Until I hear back from you, I have a solution. The two must be differentiated, so I propose we use both "the V word" and "the C word."

Va-va-voom? Carol Channing?

I know some of you will take umbrage with my brazenness...and my verbose vernacular...but this is for the best. If it's in reference to sex, the vagina. And instead of urethral duct, let's just bite the bullet and jointly agree to call the pissing place the cooter.

Friday, December 5, 2008

Thing-in-Hand

I'm late. I'm running around the house trying to find Black Doggie. But Black Doggie seems to have gone by the way of Loni Anderson's career. It's disappeared! I plead with my two-year-old daughter, "Pink Poodle? Baby Owl? Spotted Seal?" Maxie shakes her head no. Nothing else will do. Maxie is one of those kids who does better in the car, going to bed, with thing-in-hand, something she can hold tight in her vice-like grip. I'm sure the books will tell you thing-in-hand offers security, gives the child a sense of control. But I'm not a mommy who reads those books. I just know the car ride goes much smoother when thing-in-hand is indeed in hand. Her things-in-hand are small plushy representations of the animal kingdom, usually canine, most of them pink or black, her favorite colors. (Possibly a future career in international fashion? The funeral service industry?)
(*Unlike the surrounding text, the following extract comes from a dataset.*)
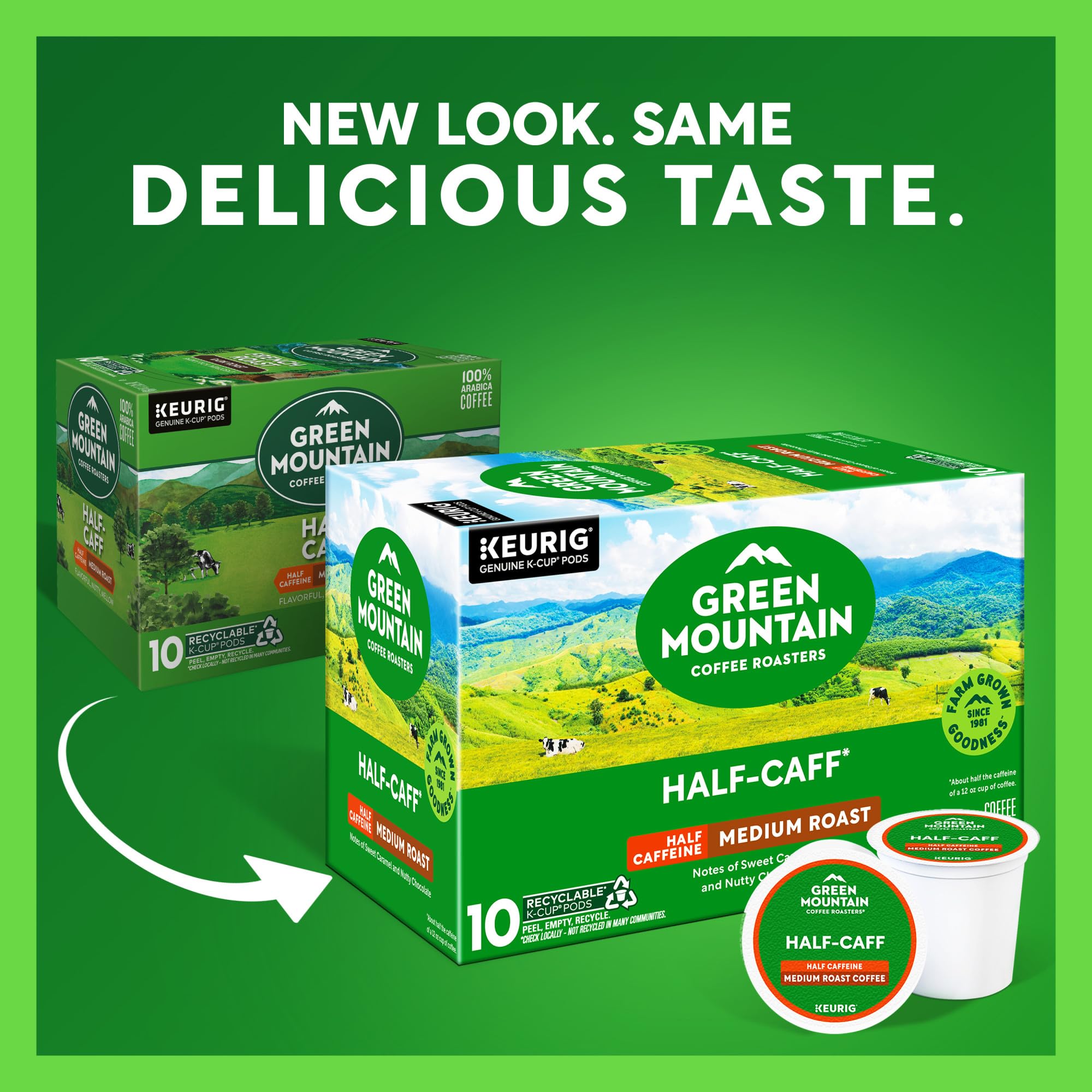 Green Mountain Half Caff K-Cup pods brewing a smooth, flavorful cup in minutes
I'm usually pretty good at finding things-in-hand. While making breakfast, say, I happen to spot Black Doggie on the cookbook shelf, and make a mental note. Then, later, I can successfully execute the perfect mommy swoop, keys, diaper bag, thing-in-hand in one fluid motion and not be late. But today, Emeril and Barefoot Contessa haven't seen Black Doggie on their shelf. I'm pulling items out of the toy drawer, sweat at my brow, kitchen floor getting cluttered when...aha...I find my quarry hiding in a Hello Kitty purse. Fucking Kitty. I hold it up with the triumph of an Oscar winner. But Maxie, once again, shakes her head no. I had found Mommy Black Doggie. She wants Baby Black Doggie.

My six-year-old usually likes to hold an item of transport: car, airplane, train; or an action figure; or a toy cell phone; or a pirate's eye patch... Doesn't really matter what thing-in-hand he chooses, it invariably becomes a pretend gun shooting pretend bullets. From his booster seat he carefully aims Thomas the Train or Spidey at the back of my head. Pssshew, pssshew! "Stop trying to kill Papa while he's driving."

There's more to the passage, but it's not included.